#### [DIRECTIONS FOR THIS TASK]
What is needed is an exact repetition of the lines from the first one in the data through the line with "58. Moo Goo Gai Pan", with no pictures.

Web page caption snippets
──────

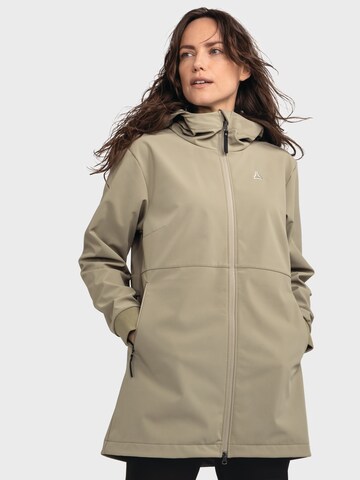 Veste outdoor 'Suavio' Schöffel en marron : devant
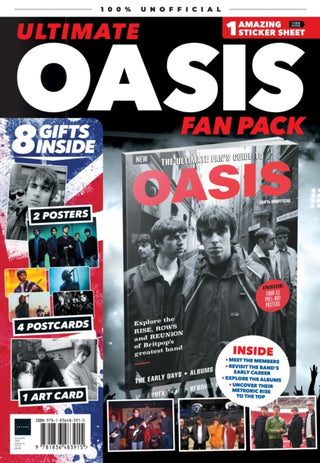 Cover image for 9781836483915 - Ultimate Oasis Fan Pack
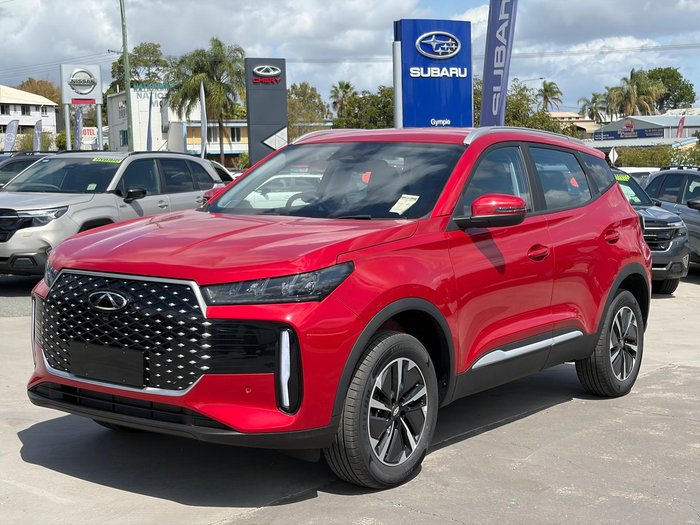 2026 Chery Tiggo 4 Hybrid Urban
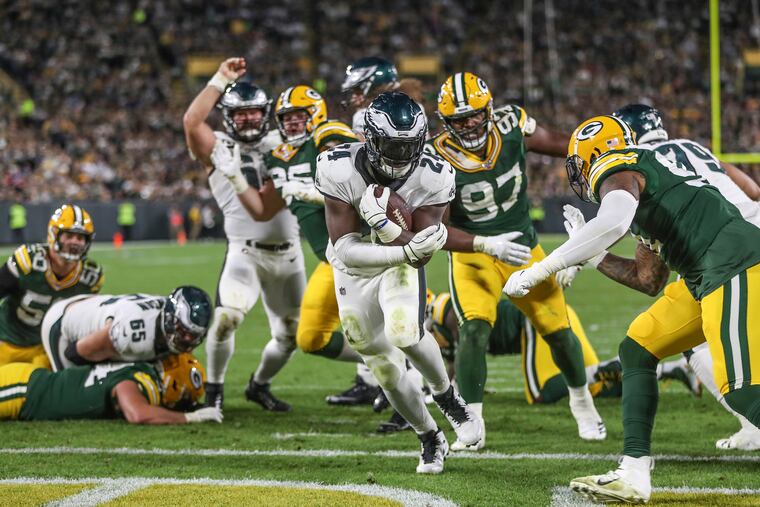 Eagles-Packers: Five takeaways from Thursday night's win at Lambeau Field | Paul Domowitch
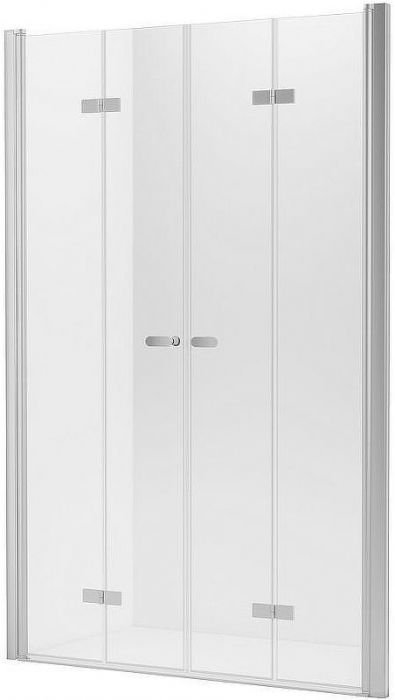 Душевая дверь New Trendy New Soleo Chrome 190 D-0261A профиль Хром стекло прозрачное
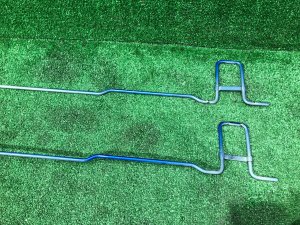 Barras de torsión del maletero SUBARU IMPREZA OEM 57520FE100, 57529FE040, 57529FE050 GDA, GDB, GD 2002 Blue 02C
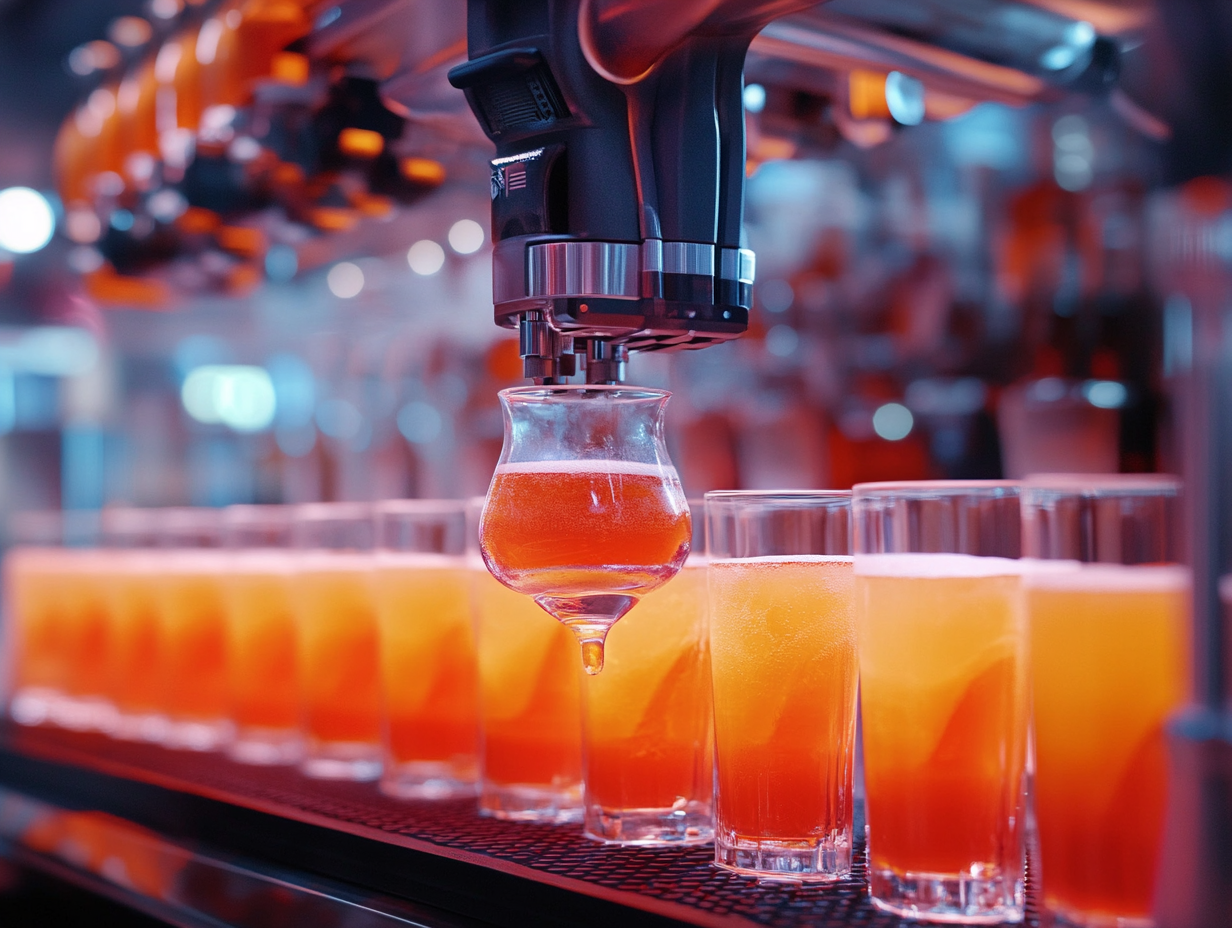 Innovative AI Bartender Manufacturers Transforming the Cocktail Experience
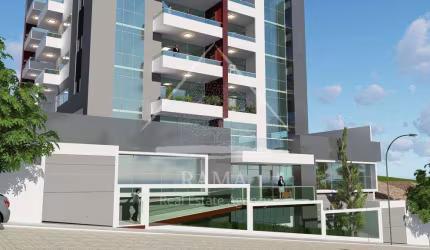 Apartamento para Venda no bairro Centro em São Lourenço, 2 quartos sendo 2 suítes, 1 vaga, Sem Mobília, 173 m² de área total, 86 m² privativos,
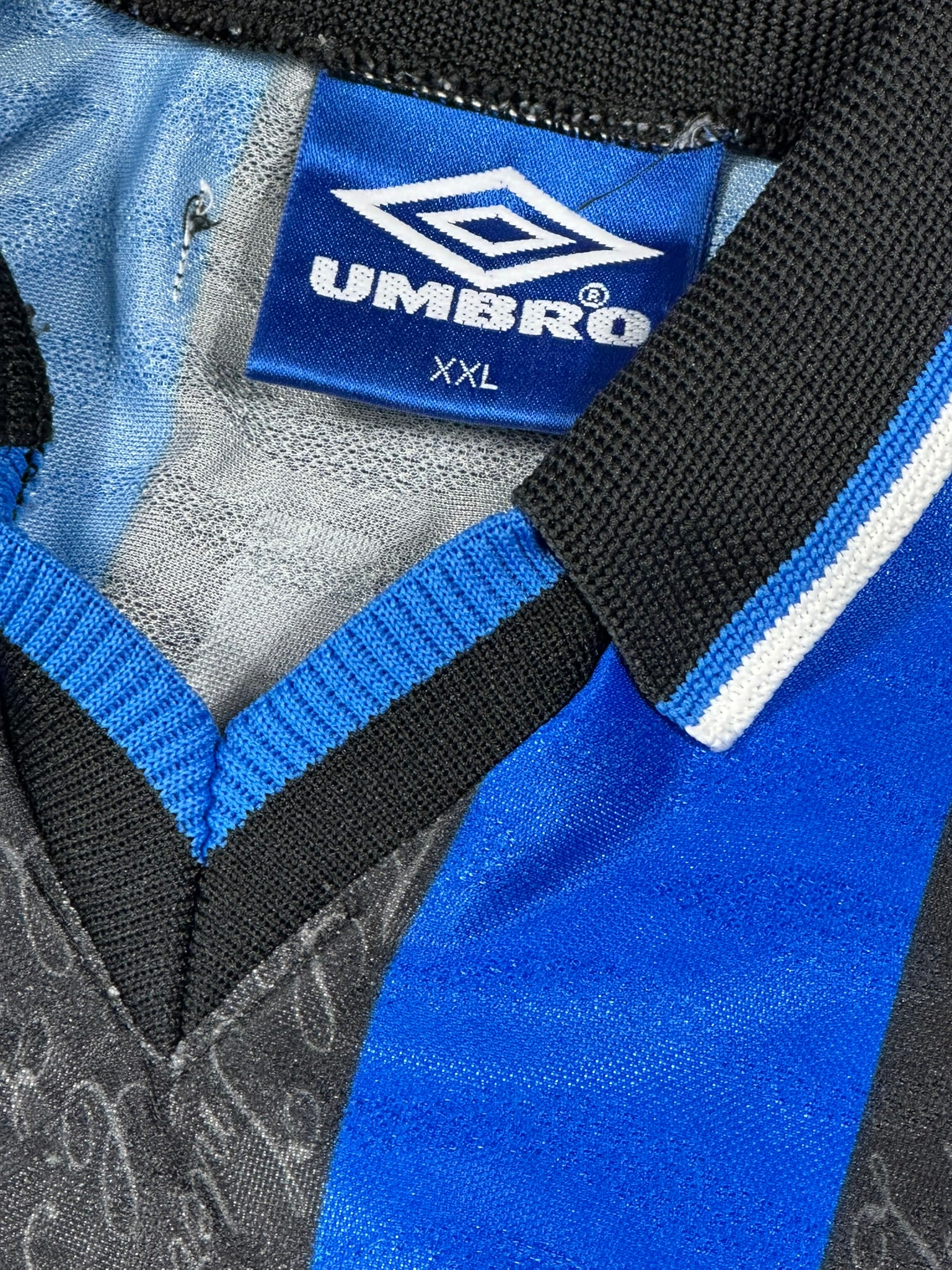 Inter Mailand 1997-98 "Ronaldo" Heim Trikot "XXL" umbro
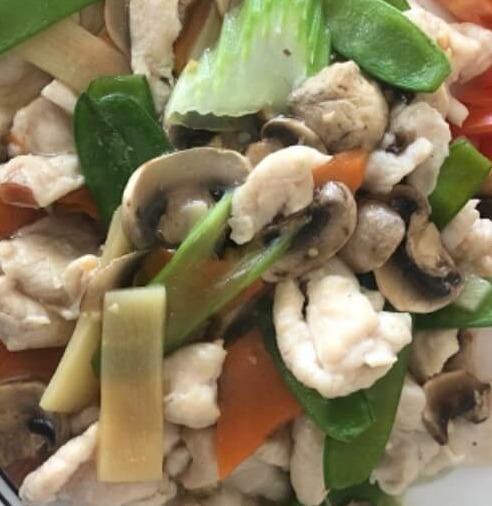 58. Moo Goo Gai Pan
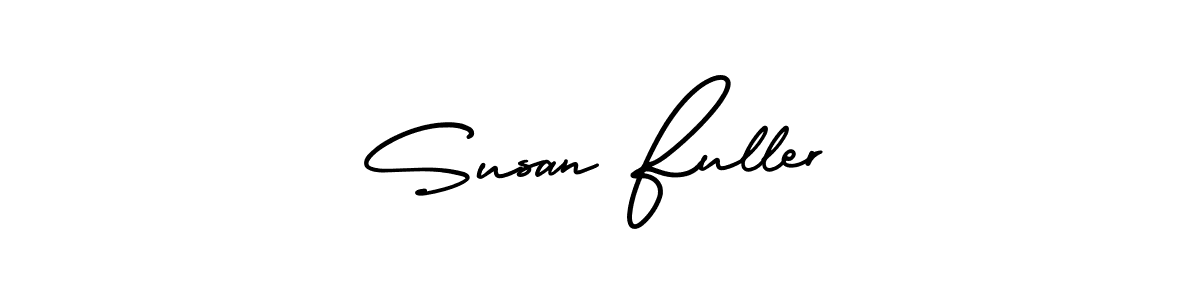 How to Draw Susan Fuller signature style? AmerikaSignatureDemo-Regular is a latest design signature styles for name Susan Fuller. Susan Fuller signature style 3 images and pictures png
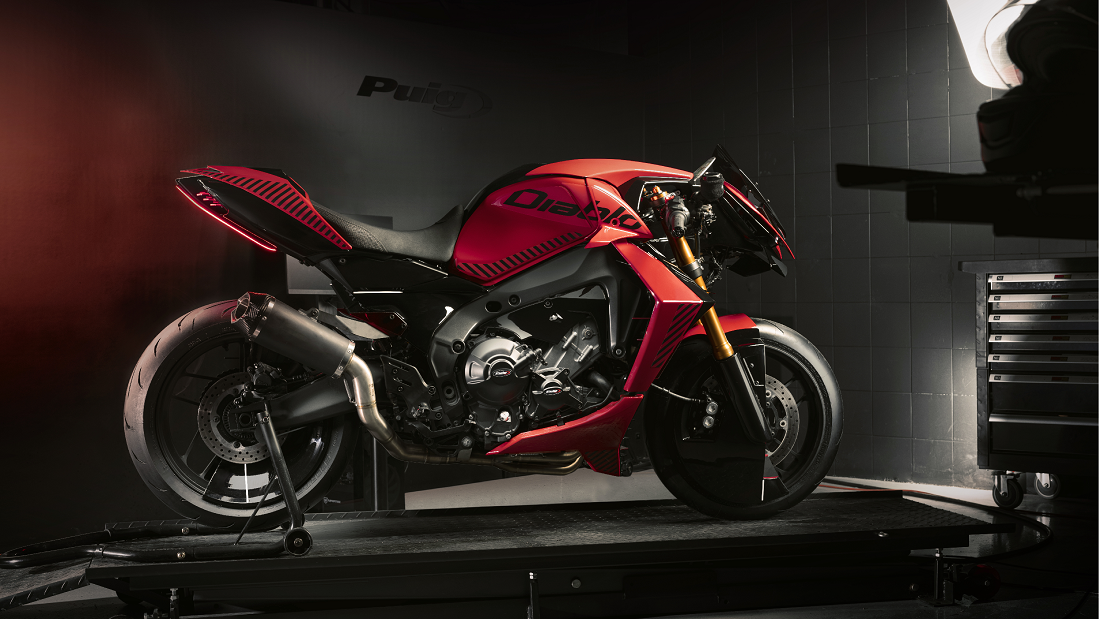 Puig Diablo. - Puig Hi-Tech Parts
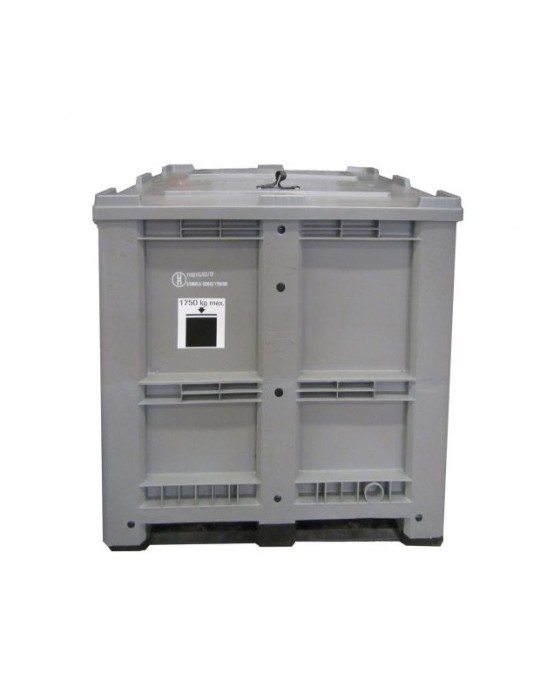 Conteneur de transport grand volume agréé UN 930L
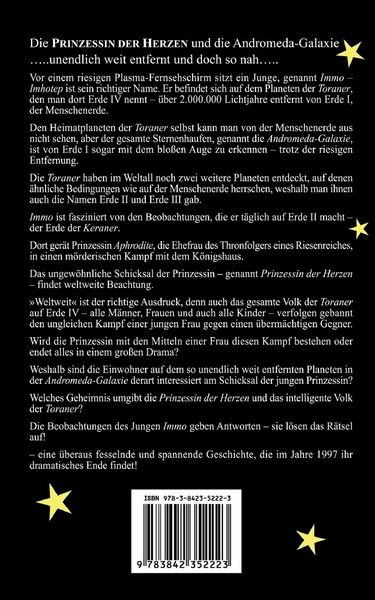 Produktbild: Prinzessin der Herzen - ein Drama im Spiegel der Galaxien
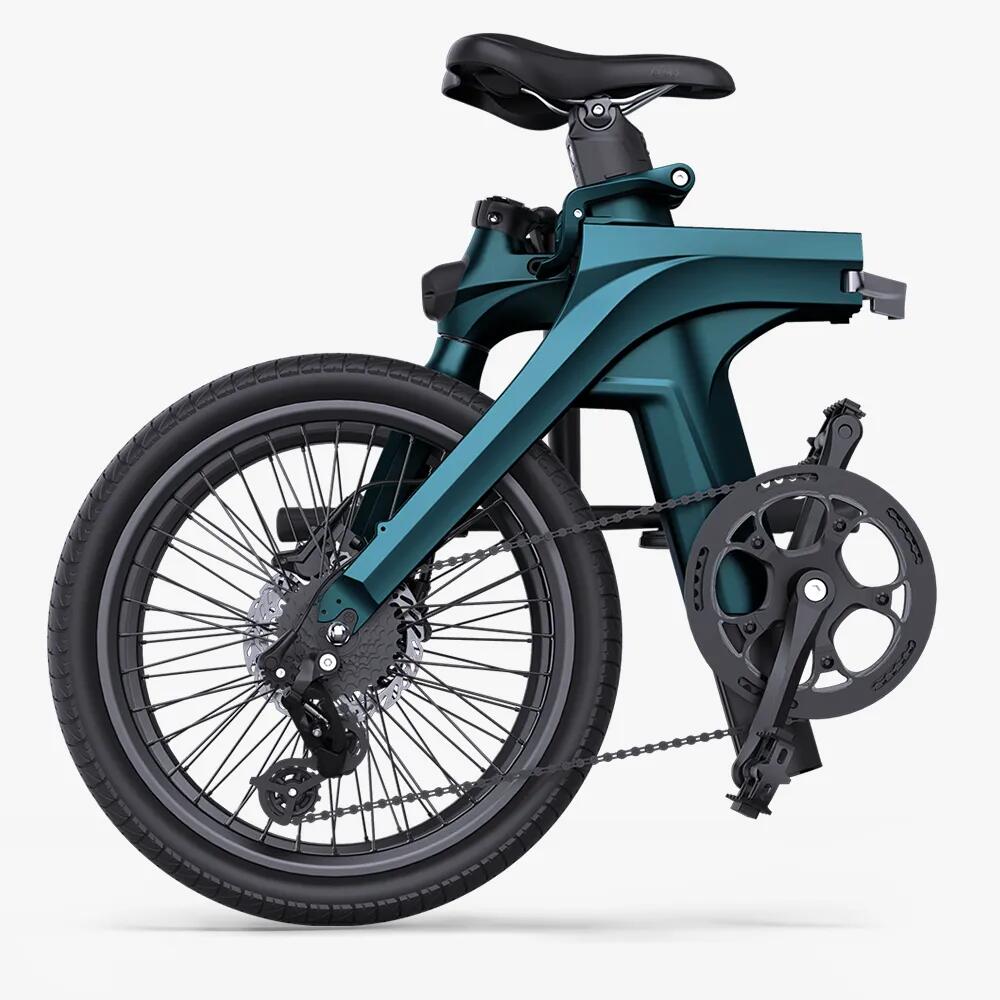 Bicicleta eléctrica plegable Fiido X 2/6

──────

#### [EXERCISE RESULT]
 Veste outdoor 'Suavio' Schöffel en marron : devant
 Cover image for 9781836483915 - Ultimate Oasis Fan Pack
 2026 Chery Tiggo 4 Hybrid Urban
 Eagles-Packers: Five takeaways from Thursday night's win at Lambeau Field | Paul Domowitch
 Душевая дверь New Trendy New Soleo Chrome 190 D-0261A профиль Хром стекло прозрачное
 Barras de torsión del maletero SUBARU IMPREZA OEM 57520FE100, 57529FE040, 57529FE050 GDA, GDB, GD 2002 Blue 02C
 Innovative AI Bartender Manufacturers Transforming the Cocktail Experience
 Apartamento para Venda no bairro Centro em São Lourenço, 2 quartos sendo 2 suítes, 1 vaga, Sem Mobília, 173 m² de área total, 86 m² privativos,
 Inter Mailand 1997-98 "Ronaldo" Heim Trikot "XXL" umbro
 58. Moo Goo Gai Pan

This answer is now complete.